‘Australian Eagles – Australians in the Battle of Britain’ by Kristen Alexander – Reviewed by Justin Sheedy
Sometimes history doesn’t seem real. Especially when it seems too dramatic, too tragic, too surreally heroic to be true. In her latest book, ‘Australian Eagles – Australians in the Battle of Britain’, author Kristen Alexander renders such history quite arrestingly real through her accounts of the part played by young Australians in the making of that history.
The Battle of Britain of 1940 remains one of the most famous battles in history, to this day a perfect model of resistance of good against evil and victory against that evil despite staggeringly overwhelming odds. In that dark year the air force of Nazi Germany, having just rolled up Western Europe, sought to knock out the by comparison tiny British Royal Air Force as a prelude to Nazi invasion of Britain. The Germans thought they had won before they started. The iconic battle that ensued proved them wrong. Of the victorious defenders, Winston Churchill coined one of the most famous lines in the English language: “Never in the field of human conflict was so much owed by so many to so few.” ‘Australian Eagles’ is a portrait of six of the Australians within that now immortal “Few”.
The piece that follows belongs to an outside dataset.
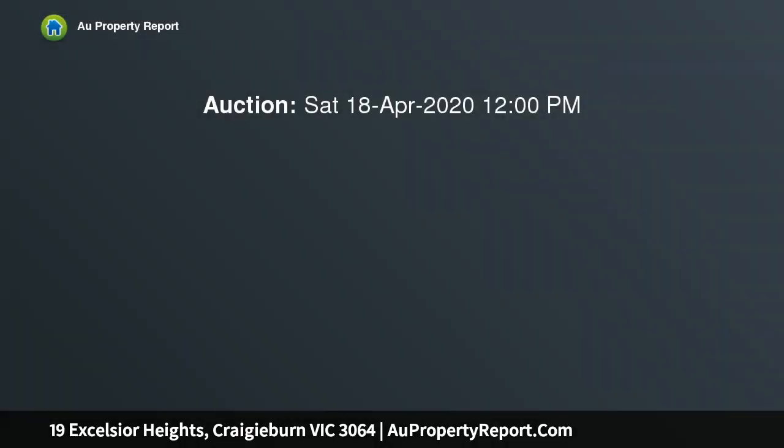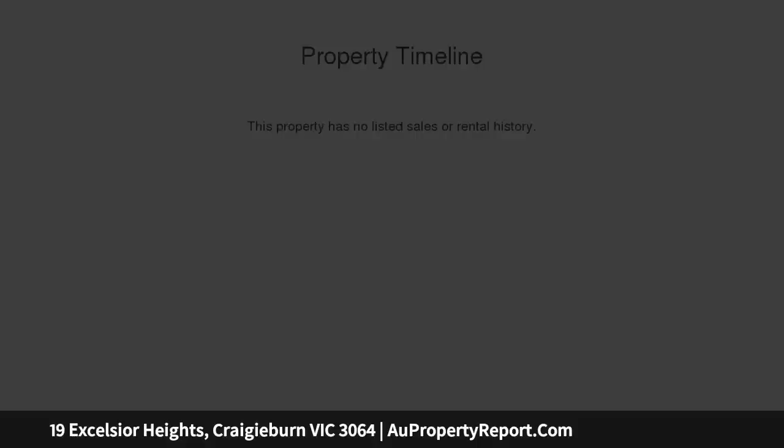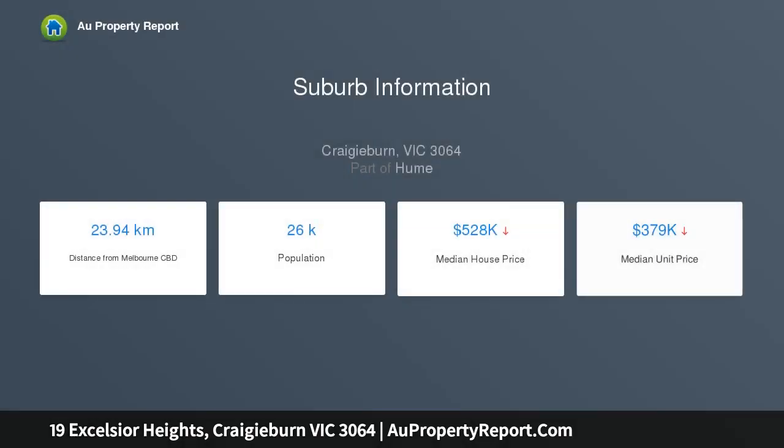This expansive family home on a 760 square metre block with grand street appeal offers spacious living across two levels, along with a huge multi-purpose storage basement area that could possibly be converted to studio or dual living, STCA.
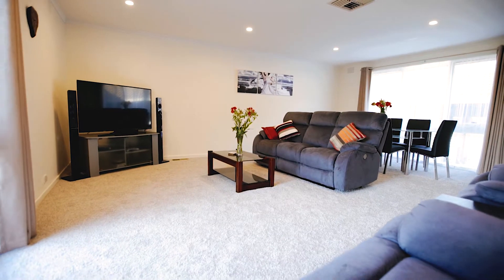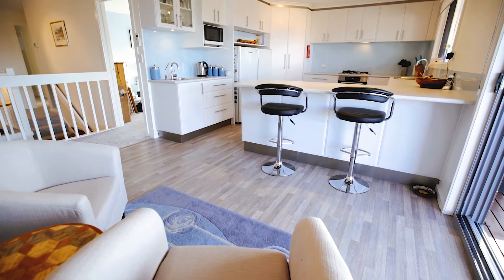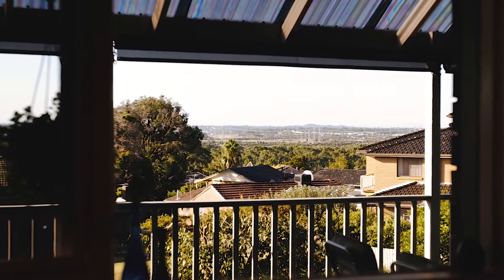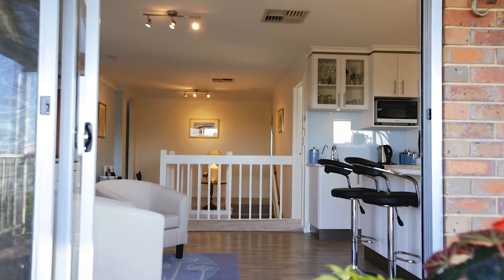Every now and then you'll find that property that will complete that perfect family picture. Multiple living areas, renovated kitchen and bathroom, elevated position so you can have some view, and a perfect location within walking distance to local parks and school. Have a look at this and let me know if you agree.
Kristen Alexander portrays six shining young men. Four of whom lost their young lives in the battle, a fifth losing a leg though continuing to fly until 90-something, the sixth remaining unscathed despite bailing out of his Spitfire in hot air combat no less than three times. Shining young men? It’s no exaggeration: Alexander’s beautifully-researched account of each of them reveals the kind of exceptional personalities they were, often top-notch sportsmen as well, and all so very, very young: Their photographs within the pages of ‘Australian Eagles’ attest to this and reveal fairly each of them as arrestingly handsome, usually with a brave new moustache – as if to mask the fact that they were just boys. By portraying them as such and quite simply as they were, Kristen Alexander encourages us to feel their loss just as profoundly as it deserves to be. To marvel at their selflessness, their courage, their dog-fighting brilliance and their contribution towards victory against one of the worst evils the world has ever known. To remember them.
‘Australian Eagles’ in indeed a fitting testament to the young Australians who fought to win the Battle of Britain but most poignantly as they did it a whole world away from home.